Tony Dye graduated from the London School of Economics and developed a career in asset management in the 1970s at London Life and Colonial Mutual Life. In the early 1980s he moved to Phillips & Drew, a major specialist manager of pension funds, becoming investment director there in 1985.

There followed years of great success as under Dye’s forceful leadership PDFM became a top player in value investment, a style in which the focus is on fundamentals, such as dividend yield and asset value, rather than on projected growth. Tony Dye was unusual in his willingness to take aggressive views, in contrast to the typical asset manager’s obsession with the control of risks against the peer group.

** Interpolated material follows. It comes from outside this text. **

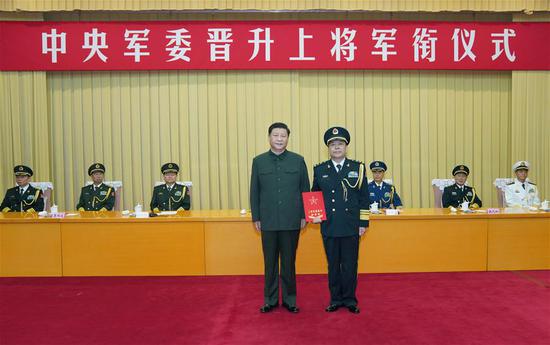 Xi Jinping, chairman of the Central Military Commission (CMC), presents a certificate of order at a ceremony to promote Xu Zhongbo, political commissar of the Rocket Force of the Chinese People's Liberation Army, to the rank of general, in Beijing, capital of China, July 29, 2020. The ceremony was held by the CMC in Beijing. (Xinhua/Li Gang)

He was a natural contrarian, relishing the opportunities thrown up by bear markets but hating the fashions and bubbles generated by bull markets. He believed in the lessons of history: pension fund clients would be given charts of long-term market ratios going back to the 1920s and lectured about the inevitability of reversion to the historical mean. He refused to take PDFM into the retail unit trust sector, arguing that mutual funds were poor bargains for investors because only fashionable funds would sell, not the unfashionable ones which offered true value. In the late 1990s he refused to hold any US equities in his global portfolios because they were so overpriced.

Near the peak in 1998 PDFM was running UK pension fund portfolios worth £46bn ($93bn). But the technology bubble hit the firm very hard. Tony Dye failed to control his risks satisfactorily, accumulating large stakes – sometimes of over 20 per cent – in troubled companies. As tech stocks, soared PDFM underperformed its peer group by 10 percentage points in 1999. Pension fund clients began to defect on an increasing scale, withdrawing £8bn in 1999 alone.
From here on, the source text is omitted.